Deep fried decisions
Last weekend, we made a trip out to Ikea, reorganized wardrobe space, unpacked an Expedit 5×5 shelf’s worth of comics (DH’s!) and sorted through two box loads of document files.
Everyone crashed out for the afternoon till pretty late evening.
So what’s a tired mummy to do when she hasn’t done any meal preparation, and the kids are unwilling to get up?
I tried to rouse the two grouchy kiddos with not much success.
“Sweethearts, time to wake up. Yoo hoo…”
Bleah, if I didn’t have to be up and about to make dinner arrangements, I’d be burying my nose deeper in my pillow too, and we’d all just sit around and eat Rice Krispies and milk for dinner in our tee-shirts and shorts.
Okaaay…maybe not Rice Krispies. 😛
Half reluctantly, I pull out the last-resort card in my deck, and whisper in their ears, “Who wants chips for dinner?”
It was magic. Immediately, two tousled bedheads sat up and grinned broadly at me.
So. Against my regular fastidiousness for “healthy and balanced meals by the pyramid”, we drove out to get fish and chips for dinner.

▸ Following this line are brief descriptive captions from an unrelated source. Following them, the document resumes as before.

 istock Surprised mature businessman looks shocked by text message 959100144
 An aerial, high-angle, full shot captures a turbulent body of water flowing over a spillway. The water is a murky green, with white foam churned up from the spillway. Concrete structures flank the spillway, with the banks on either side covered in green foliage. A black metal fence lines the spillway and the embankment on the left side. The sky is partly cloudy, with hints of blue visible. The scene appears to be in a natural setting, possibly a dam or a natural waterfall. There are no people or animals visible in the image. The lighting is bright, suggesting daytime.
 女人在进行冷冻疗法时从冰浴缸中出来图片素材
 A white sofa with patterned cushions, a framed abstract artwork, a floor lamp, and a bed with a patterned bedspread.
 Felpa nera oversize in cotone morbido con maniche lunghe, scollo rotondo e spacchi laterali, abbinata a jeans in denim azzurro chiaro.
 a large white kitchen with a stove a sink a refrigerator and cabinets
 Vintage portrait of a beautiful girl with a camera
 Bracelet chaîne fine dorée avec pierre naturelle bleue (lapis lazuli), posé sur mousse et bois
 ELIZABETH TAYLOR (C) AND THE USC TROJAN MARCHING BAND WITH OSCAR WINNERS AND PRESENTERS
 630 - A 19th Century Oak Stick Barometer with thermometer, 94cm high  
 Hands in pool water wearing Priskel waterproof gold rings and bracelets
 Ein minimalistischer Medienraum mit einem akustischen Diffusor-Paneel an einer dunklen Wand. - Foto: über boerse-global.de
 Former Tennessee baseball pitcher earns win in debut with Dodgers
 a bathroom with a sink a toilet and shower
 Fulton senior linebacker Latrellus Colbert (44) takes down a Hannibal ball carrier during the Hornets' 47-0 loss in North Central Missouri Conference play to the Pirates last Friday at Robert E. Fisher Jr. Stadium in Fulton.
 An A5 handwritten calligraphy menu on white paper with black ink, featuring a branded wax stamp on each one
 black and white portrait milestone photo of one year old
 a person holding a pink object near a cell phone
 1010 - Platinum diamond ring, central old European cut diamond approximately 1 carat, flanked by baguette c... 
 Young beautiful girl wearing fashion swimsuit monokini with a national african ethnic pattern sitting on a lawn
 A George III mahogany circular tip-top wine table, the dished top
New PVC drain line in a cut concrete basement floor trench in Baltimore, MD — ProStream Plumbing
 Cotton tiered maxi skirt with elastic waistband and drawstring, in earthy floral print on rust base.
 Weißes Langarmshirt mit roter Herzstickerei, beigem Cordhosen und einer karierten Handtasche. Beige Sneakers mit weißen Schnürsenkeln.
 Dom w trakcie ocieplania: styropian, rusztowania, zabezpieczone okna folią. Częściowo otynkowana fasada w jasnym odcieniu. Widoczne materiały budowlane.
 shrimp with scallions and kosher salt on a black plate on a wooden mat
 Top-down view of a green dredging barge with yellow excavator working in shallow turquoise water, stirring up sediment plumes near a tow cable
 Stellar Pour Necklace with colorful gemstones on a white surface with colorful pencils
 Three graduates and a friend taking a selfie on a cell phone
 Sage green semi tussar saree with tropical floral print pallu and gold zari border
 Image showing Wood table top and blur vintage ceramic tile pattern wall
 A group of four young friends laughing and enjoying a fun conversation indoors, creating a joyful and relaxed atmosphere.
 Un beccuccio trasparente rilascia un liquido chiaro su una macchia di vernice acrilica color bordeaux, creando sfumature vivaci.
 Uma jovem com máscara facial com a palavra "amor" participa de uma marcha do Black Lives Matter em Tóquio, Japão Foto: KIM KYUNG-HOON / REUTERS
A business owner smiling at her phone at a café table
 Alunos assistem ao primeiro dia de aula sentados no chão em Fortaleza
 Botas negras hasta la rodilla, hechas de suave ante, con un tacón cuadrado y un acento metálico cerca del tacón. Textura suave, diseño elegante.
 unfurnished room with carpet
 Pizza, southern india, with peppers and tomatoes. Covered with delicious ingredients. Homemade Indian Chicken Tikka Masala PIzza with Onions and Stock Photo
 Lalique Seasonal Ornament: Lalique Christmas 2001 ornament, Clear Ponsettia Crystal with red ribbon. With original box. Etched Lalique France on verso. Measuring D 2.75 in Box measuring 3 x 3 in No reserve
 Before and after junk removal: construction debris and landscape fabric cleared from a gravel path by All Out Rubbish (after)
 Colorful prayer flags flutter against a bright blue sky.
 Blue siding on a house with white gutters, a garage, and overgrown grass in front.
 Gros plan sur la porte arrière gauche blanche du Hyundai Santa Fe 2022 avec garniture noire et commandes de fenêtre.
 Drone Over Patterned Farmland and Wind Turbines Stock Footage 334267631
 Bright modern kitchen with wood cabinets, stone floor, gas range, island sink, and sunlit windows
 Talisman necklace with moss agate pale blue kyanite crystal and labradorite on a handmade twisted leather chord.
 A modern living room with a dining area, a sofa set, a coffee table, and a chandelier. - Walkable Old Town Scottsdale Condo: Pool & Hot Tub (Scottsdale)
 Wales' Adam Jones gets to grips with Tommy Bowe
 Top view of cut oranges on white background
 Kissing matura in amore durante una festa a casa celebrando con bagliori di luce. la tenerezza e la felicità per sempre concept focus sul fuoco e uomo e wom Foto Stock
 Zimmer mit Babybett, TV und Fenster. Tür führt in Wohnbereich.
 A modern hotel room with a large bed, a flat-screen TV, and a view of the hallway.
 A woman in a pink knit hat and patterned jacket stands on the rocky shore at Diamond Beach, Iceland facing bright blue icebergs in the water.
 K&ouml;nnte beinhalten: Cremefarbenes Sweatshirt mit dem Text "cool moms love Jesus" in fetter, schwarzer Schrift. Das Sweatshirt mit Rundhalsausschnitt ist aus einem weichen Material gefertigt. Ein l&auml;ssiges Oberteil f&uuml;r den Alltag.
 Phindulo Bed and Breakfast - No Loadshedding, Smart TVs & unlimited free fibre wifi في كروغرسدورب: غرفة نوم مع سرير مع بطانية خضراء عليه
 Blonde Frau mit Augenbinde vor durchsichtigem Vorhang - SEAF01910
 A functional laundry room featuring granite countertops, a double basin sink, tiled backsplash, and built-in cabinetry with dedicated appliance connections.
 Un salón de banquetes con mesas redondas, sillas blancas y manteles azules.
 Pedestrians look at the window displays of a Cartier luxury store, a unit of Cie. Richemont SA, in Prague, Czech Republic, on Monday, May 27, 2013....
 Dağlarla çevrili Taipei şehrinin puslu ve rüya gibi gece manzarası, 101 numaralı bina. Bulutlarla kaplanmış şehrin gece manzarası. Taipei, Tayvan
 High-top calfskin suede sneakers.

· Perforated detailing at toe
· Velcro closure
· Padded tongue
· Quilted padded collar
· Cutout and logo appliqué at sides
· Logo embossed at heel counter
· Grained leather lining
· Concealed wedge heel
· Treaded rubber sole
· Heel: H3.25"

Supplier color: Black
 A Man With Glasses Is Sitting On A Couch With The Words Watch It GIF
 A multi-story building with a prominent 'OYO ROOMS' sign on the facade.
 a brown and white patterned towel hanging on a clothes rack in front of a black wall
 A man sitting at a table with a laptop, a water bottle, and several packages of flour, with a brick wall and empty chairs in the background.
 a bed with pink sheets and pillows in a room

While DS sang a new song he made up consisting of the lyrics, “Mummy, I like chips.”, and I relished the temporal high of being in the top popularity rankings for the day, textbook mother perched herself firmly on my right shoulder, with a fierce glare and proceeded to nag the unbalanced meal decision. “You’re going to give them, whaaaat? Deep fried processed potatoes AND deep fried frozen-packed fish??! Where are the veggies? Where’s the balance? Where are your principles?”
Certainly, not one of the most stellar moments of my “purposeful motherhood” career.
But stuff it all, I want to take a break and eat chips too.